We must not forget the events in museums that showed us the ugly side of what has been called “the cult of the manager”.

At Auckland Museum some 26 staff were lost in a destructive reorganisation in 1997. Under another director in 2008 successive waves of staff had to reapply for their own positions. Forty-six staff were shed and replacements expensively recruited. The Herald ran an editorial “Museum Risks Losing Authenticity. “

Other headlines were: “Museum’s Arrogance is of the Highest Order”, “Deputy Quits after Clash at Museum”, “Threat of Staff Strike Hangs over Museum Birthday Bash”, and “Showdown at City’s Museum”.

Finally, in the aftermath, troubling details emerged: “Museum Faces $1m Shortfall”—”Auckland Museum is facing a dramatic sag in finances and visitor numbers …”.

“The former boss of the Auckland War Memorial Museum racked up almost $50,000 in international travel and spent more than three months abroad in her troubled two-year tenure”.

At Otago Museum, the tenure of the former director from seven year ago “has been tumultuous. There has been a high turnover in personnel, allegations of fractious relationships with staff, and the embarrassment of the discovery that for 12 years in its Annual Report the museum had claimed [he] had a qualification he did not actually have.

“An investigation … saw the museum reluctantly reveal [his] salary was $310,793—more than the highest-paid staff member at national museum Te Papa”.

A later headline when the director left said “Museum Pays $699,000-plus to Departing [Boss]”.

Te Papa got a new chief executive in 2010. Before long there were dramatic plans to split the museum into two new entities, and a proposal to move part of the collection to Auckland.

Restructuring in 2012 saw 31 positions lost and new ones created. Later it was reported that “Te Papa has lifted the lid on [the ex-C.E.O.’s] disastrous tenure as its chief executive. When [he] left the National Museum in May, in the wake of two big loss-making exhibitions, it was facing an annual deficit of up to $14 million.”

Newspapers don’t get everything right, but there’s no denying a litany of extreme and damaging events amounting to a serious indictment against the corporate-mimicking style of museum management.

Te Papa’s current proposal to shed further specialist staff, ditch the national fish collection and move other collections to a cheap warehouse in Auckland (from the well-built Tory Street building the taxpayers recently paid millions to upgrade), risks more damaging headlines.

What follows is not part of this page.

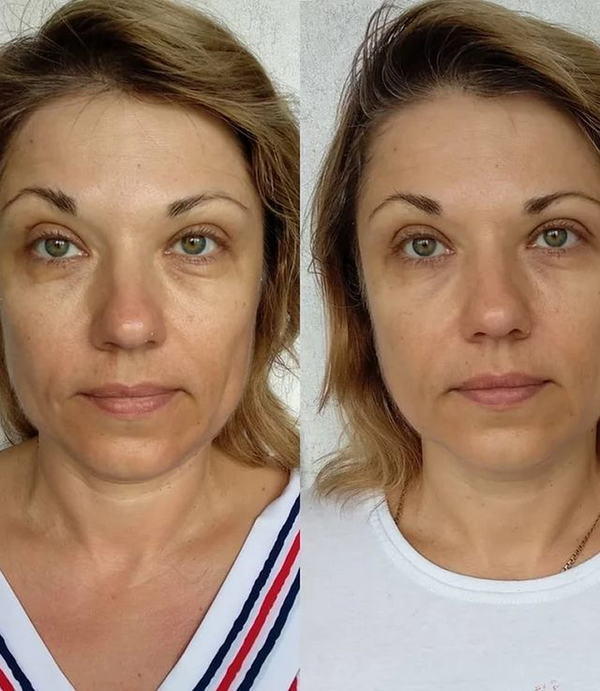 Treatment result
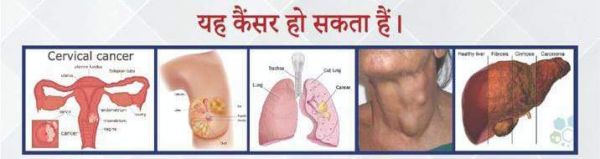 निशुल्क कैंसर जांच एवं परामर्श शिविर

After several recent restructurings you might think Te Papa now needed some quiet consolidation. But you won’t get that under the corporate-parroting model. No top managers want “quiet consolidation” on their CVs.

And so there is an endless search for novelty and reconfiguration. It’s hard to avoid the conclusion that this also serves the pretence that the diversion of resources to fund so many managers is achieving something.

In short, the business-style charade allows museum managers to act out radical changes as if they were defending the value of shares on some stock exchange. Well there aren’t any shares, but there are “shareholders” – the people of New Zealand – and surely we deserve better. It’s clear now that there is no end-point to the disruptions – just continuous gratuitous change with staff careers and museum collections as the pawns.

This tired system is barren and broken. It is no way to care for our national patrimony. I believe it’s time for a new style of public service museum, characterised by stability and small bureaucracy, and led, not by generic managers, but by staff with a vision based on specialist knowledge, local experience and a true understanding of the purpose and potential of museum collections.

CLARIFICATION: The Otago Museum director mentioned was a former director from seven years ago, and not current director Dr Ian Griffin. The Herald apologises for any confusion.

• Dr Brian Gill worked in museums for 30 years and wrote The Unburnt Egg: More Stories of a Museum Curator.